COLLECTED MATERIAL section start

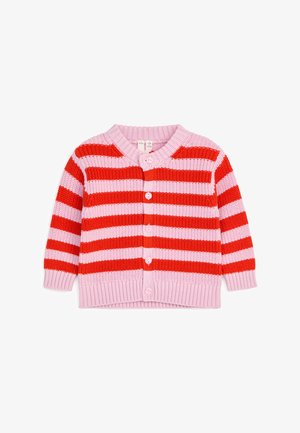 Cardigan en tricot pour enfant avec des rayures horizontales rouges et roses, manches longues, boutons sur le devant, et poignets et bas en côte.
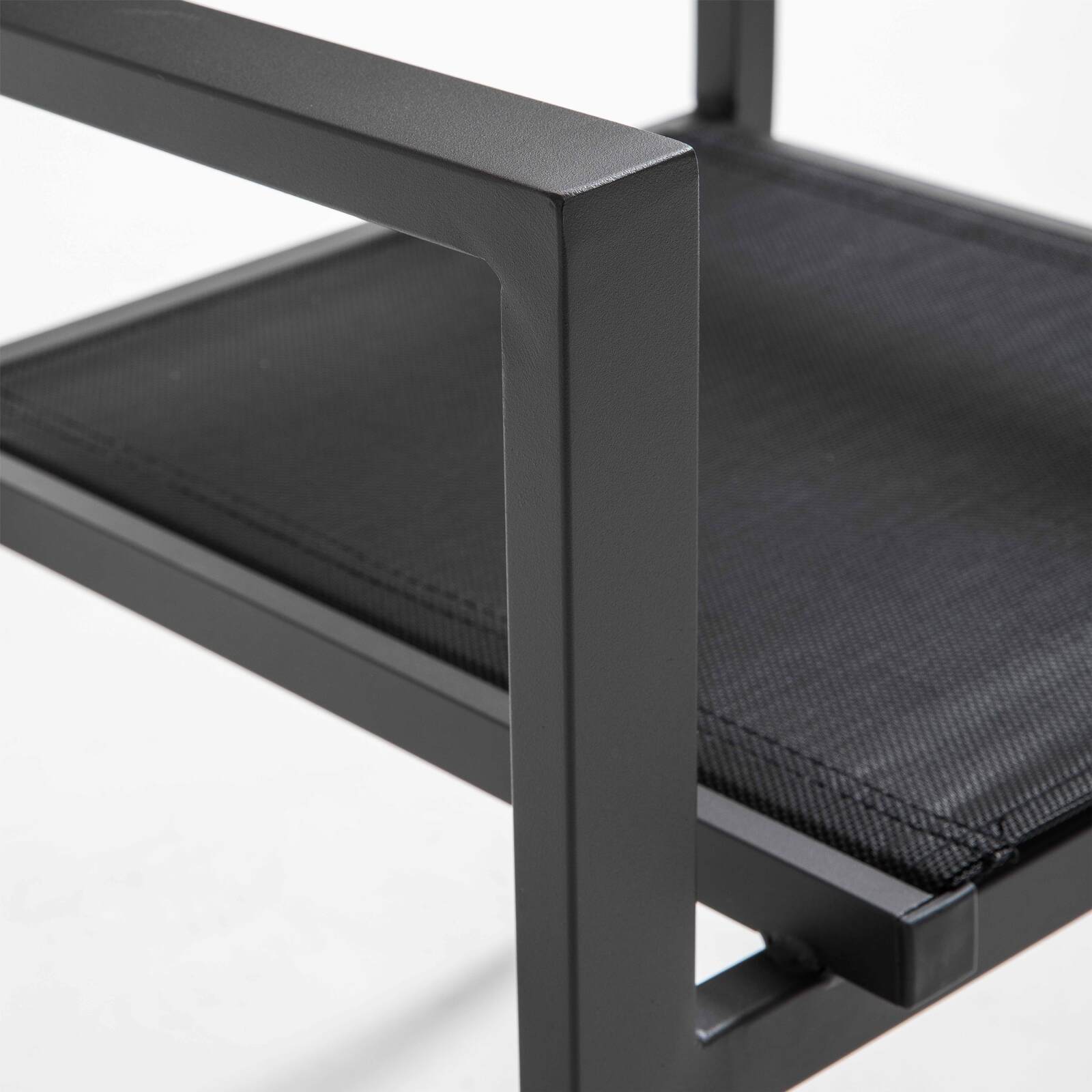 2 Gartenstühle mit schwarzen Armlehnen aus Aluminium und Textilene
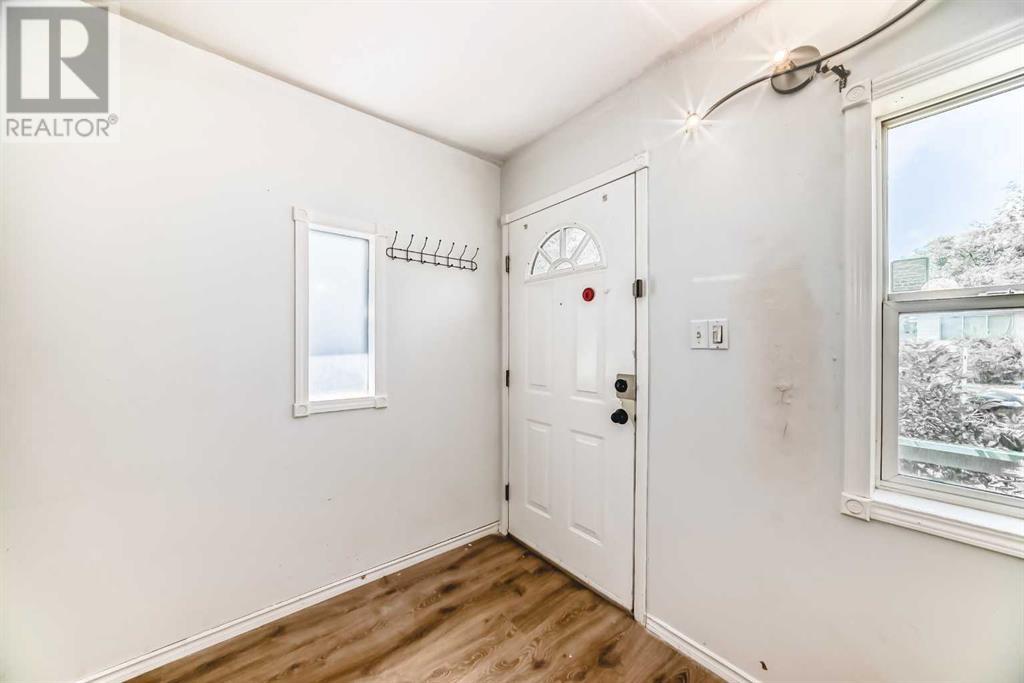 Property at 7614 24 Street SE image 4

COLLECTED MATERIAL section end

| TASK DETAILS |
Transcribe exactly the lines above, running from the one that contains "2 Gartenstühle mit" through the final line of the listing, and skip every picture.

| ANSWER BELOW |
 2 Gartenstühle mit schwarzen Armlehnen aus Aluminium und Textilene
 Property at 7614 24 Street SE image 4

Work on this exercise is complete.